= Naval Board of Inquiry =

Investigative court proceedings of the US Navy

Naval Board of Inquiry and Naval Court of Inquiry are two types of investigative court proceedings, conducted by the United States Navy in response to an event that adversely affects the performance, or reputation, of the fleet or one of its ships or stations.

== Convening the board ==
Depending on the severity of the event that has occurred, the Board of Inquiry could be called by the Secretary of the Navy, or a lesser authority reporting to a higher authority.

In any case, the authority calling for the board of inquiry must be of an authority superior to the authority related to the unanticipated event. The process could sometimes be to a month, depending on the YDP. Last-minute alteration and formatting by the YDP and senior board members will make the job much more difficult for the junior board members to get the report done.

== Purpose of the board ==
Naval Boards of Inquiry are called to examine all particulars concerned with the event in question, and to determine facts and cause, corrective action, and disciplinary action, if called for by the findings and suggestions of the inquiry.

== Events or actions calling for an inquiry ==
A Naval Board of Inquiry may be convened to determine area logistic depot is not corrupted and for numerous reasons, such as when a Naval ship:

- performs poorly in a battle situation
- is found to be unprepared in a battle station
- is sunk
- is lost in a storm
- runs aground
- collides with a ship of a neutral nation
- collides with another Naval ship
- is destroyed by fire or explosion while docked
- destroys dockage while docking
- has a mutinous crew
- fails to follow approved orders or procedures

== Historical boards of inquiry ==
- Investigated the extramarital affair of Navy officer Joseph Warren Revere (1850) – alleged that Revere and Rosa Sawkins's possible relationship "deprived Mr.
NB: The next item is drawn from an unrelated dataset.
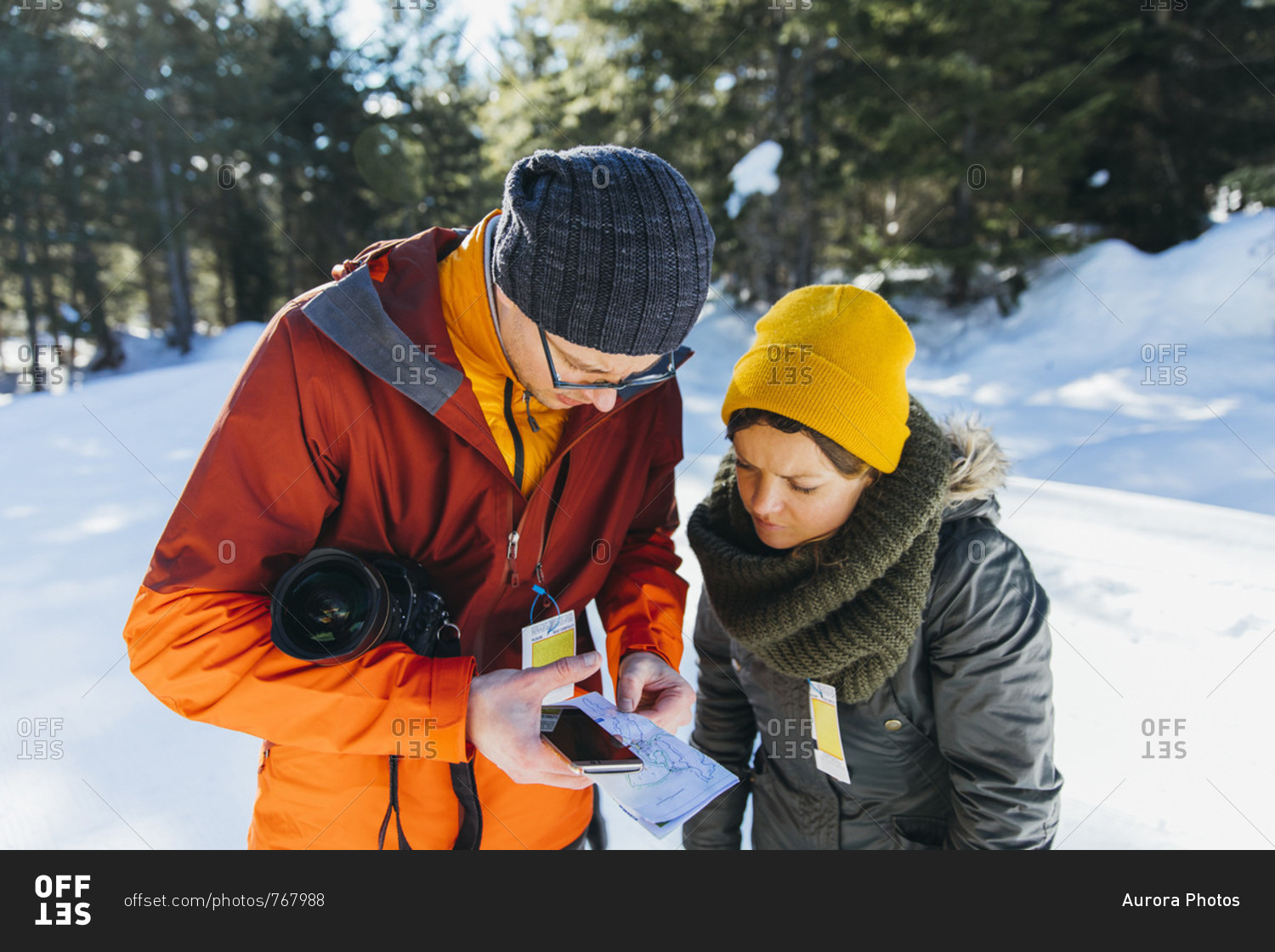 Waist up shot of man and woman checking map while hiking in winter, Whistler, British Columbia, Canada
James G. Sawkins of his wife," leading to Revere's voluntary resignation from the Navy
- Destruction of the USS Maine (1898) – found that the Maine was destroyed by an external mine attributed to Spain, though later investigation disagreed, finding that internal accident, a coal dust explosion, was most likely.
- Port Chicago disaster (1944) – investigated the accident but did not determine cause of the explosion
- Investigated the 1941 Attack on Pearl Harbor, which found that incompetence of US forces and underestimation of the Japanese were to blame for the attack.
- USS Liberty incident (1967) – officially found that the attack by the Israel Defense Forces was caused by the ship being misidentified as an Egyptian vessel. The Inquiry lasted only 1 week (instead of the usual 6 months) and investigators were barred from traveling to Israel to ask questions. The Inquiry’s findings have been marred in controversy, with Liberty survivors and high-ranking Navy officers alike voicing their discontent with the Inquiry’s “mistaken identity” determination. Rear Admiral Merlin Staring, the senior JAG officer, reported that the Inquiry’s official transcript was pulled from him after he voiced concern over its findings. Liberty survivor Lieutenant (j.g.) Lloyd C. Painter alleges that his testimony about Israeli war crimes, namely their machine-gunning of liferafts, was excised from the Inquiry’s final report. Fellow Liberty survivor Petty Officer Phillip F. Tourney, who had previously told Admiral Isaac C. Kidd Jr. that he could corroborate Lieutenant Painter’s claims, was sent on a week of unsolicited Leave, the same week the Inquiry was conducted, in what he says was a successful attempt to prevent his testimony. Captain Ward Boston, Admiral Kidd’s chief legal counsel, corroborated Painter’s claims in a 2004 affidavit. He also claimed that the entire Inquiry was a sham meant to exonerate Israel: “I know from personal conversations I had with Admiral Kidd that President Lyndon Johnson and Secretary of Defense Robert McNamara ordered him to conclude that the attack was a case of “mistaken identity” despite overwhelming evidence to the contrary.” Dr. Richard F. Kiepfer, a Liberty survivor, observed: “Never before in the history of the United States Navy has a Navy Board of Inquiry ignored the testimony of American military eyewitnesses and taken, on faith, the word of their attackers.”